6th International Medical Congress of Izmir Democracy University, İzmir, Türkiye, 05 Aralık 2024 - 06 Ocak 2025, ss.115, (Özet Bildiri)
Background: AI-based chatbots are widely used today. They have been researched in various fields within medicine, such as evaluating responses to patient questions, assessing answers on medical exams, question writing, and scientific article drafting (1-3). With recent updates, these chatbots are now able to analyze and interpret images. This study aims to evaluate mammography image interpretation using Chat-GPT 4o and Claude 3.5 chatbots.
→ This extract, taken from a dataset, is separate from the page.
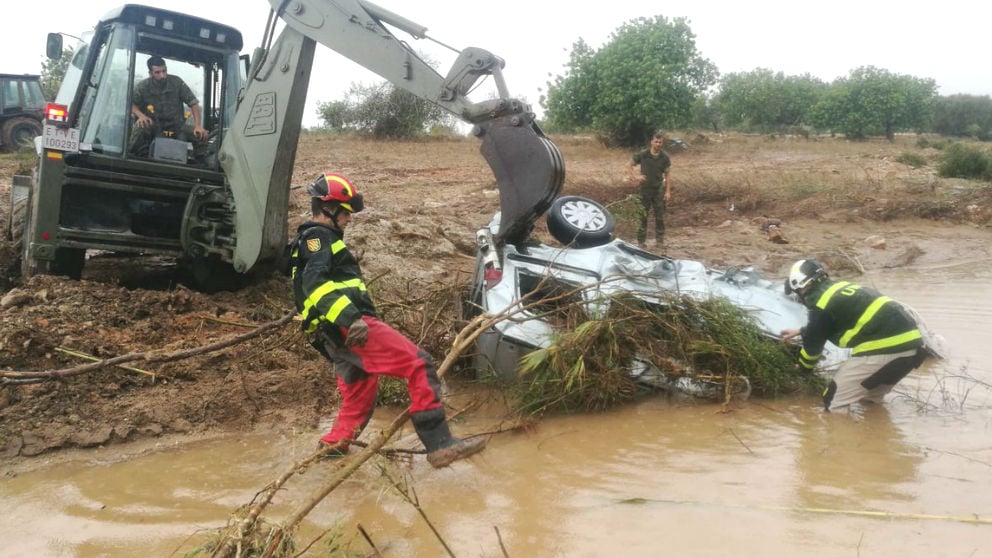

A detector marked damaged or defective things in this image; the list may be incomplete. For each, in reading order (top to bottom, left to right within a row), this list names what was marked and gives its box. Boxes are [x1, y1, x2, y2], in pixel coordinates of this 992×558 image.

overturned car [468, 195, 848, 400]
crumpled car body [468, 198, 848, 402]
Materials and Methods: Fifty-three mammography images, reported by consensus between two radiologists, were included in the study. These images were distributed as 10 images each for BI-RADS categories 0, 1, 2, 4, and 5, and 3 images for BI-RADS-3. Each mammography image consisted of one craniocaudal (CC) and one mediolateral oblique (MLO) standard view. Both views of each mammogram were presented to the chatbots in new tabs, asking for BI-RADS classification and breast typing. For Chat-GPT 4o, this process was repeated after one day. Subsequently, accuracy rates for breast parenchymal type and BI-RADS classification were calculated for both Chat-GPT 4o and Claude 3.5. Additionally, BI-RADS 1 and 2 were evaluated as benign categories, while BI-RADS 4 and 5 were considered malignant; since no change in patient management occurred for these categories, a single accuracy calculation was performed. Intra-observer agreement was also assessed for Chat-GPT 4o.
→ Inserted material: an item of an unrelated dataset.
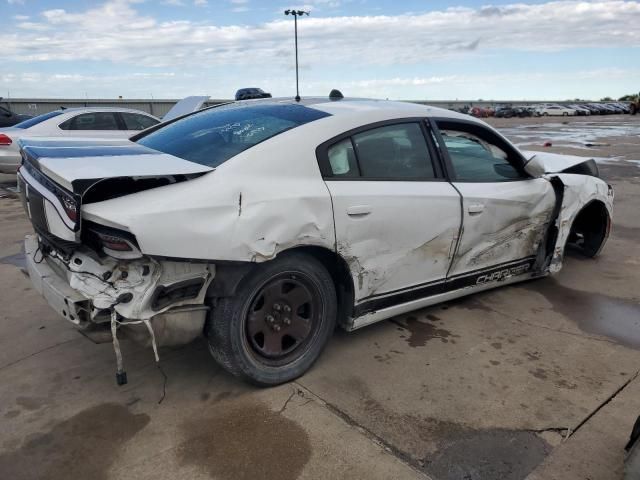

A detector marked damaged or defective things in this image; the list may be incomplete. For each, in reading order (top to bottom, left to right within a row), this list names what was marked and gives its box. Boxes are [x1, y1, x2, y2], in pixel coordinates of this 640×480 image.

wrecked white dodge charger [17, 98, 612, 386]
severe collision damage [17, 98, 612, 386]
Results: For BI-RADS classification, the accuracy of Chat-GPT 4o was 18.87% on the first attempt and 26.42% on the second; for Claude 3.5, it was 18.87%. When BI-RADS 1 and 2 were considered benign, and BI-RADS 4 and 5 malignant, the overall accuracy for these 40 patients was calculated as 57.5% for Chat-GPT 4o on the first attempt, 55% on the second, and 47.5% for Claude 3.5. Intra-observer agreement for Chat-GPT 4o across both evaluations was statistically insignificant (p=0.066). In terms of breast parenchymal types, accuracy was 30.19% and 22.64% for the first and second evaluations of Chat-GPT 4o, respectively, and 24.53% for Claude 3.5.
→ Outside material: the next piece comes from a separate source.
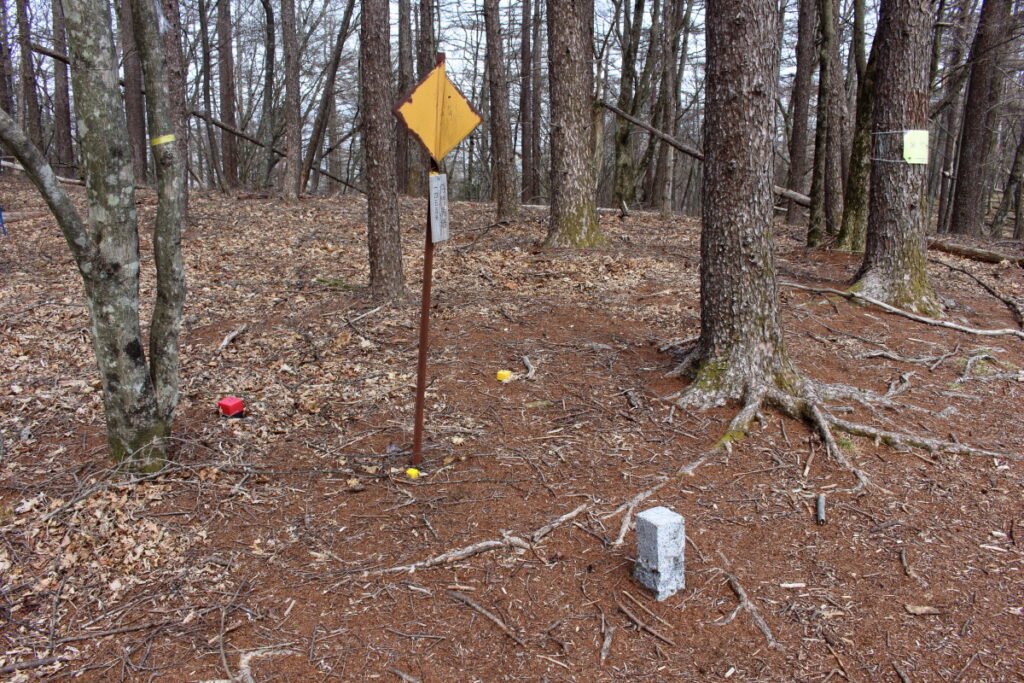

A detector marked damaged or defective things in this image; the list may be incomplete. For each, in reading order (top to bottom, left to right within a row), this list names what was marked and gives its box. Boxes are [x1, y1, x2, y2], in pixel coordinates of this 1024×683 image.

rusty metal post [407, 160, 440, 471]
Discussion: There is limited literature on the evaluation of radiographic images by chatbots. However, in one study, mammography images were evaluated using Chat-GPT 4 and Chat-GPT 4o, with an accuracy rate of 66.2%. The same study found a lower accuracy rate for ultrasound examinations at 55.6% (4). In contrast to these studies, which report relatively high accuracy, other studies indicate significantly lower accuracy rates. In a study involving multiple-choice questions with images, an accuracy rate of only 8% was found (5). This study supports such literature by showing that chatbots' visual evaluation abilities fall short of diagnostic accuracy compared to text-based accuracy rates. Additionally, the same mammography exams evaluated by Chat-GPT at different times revealed a lack of intra-observer agreement, indicating high variability and randomness in chatbot image interpretation.
Keywords: Large Language Model (LLM), mammography, artificial intelligence, radiology.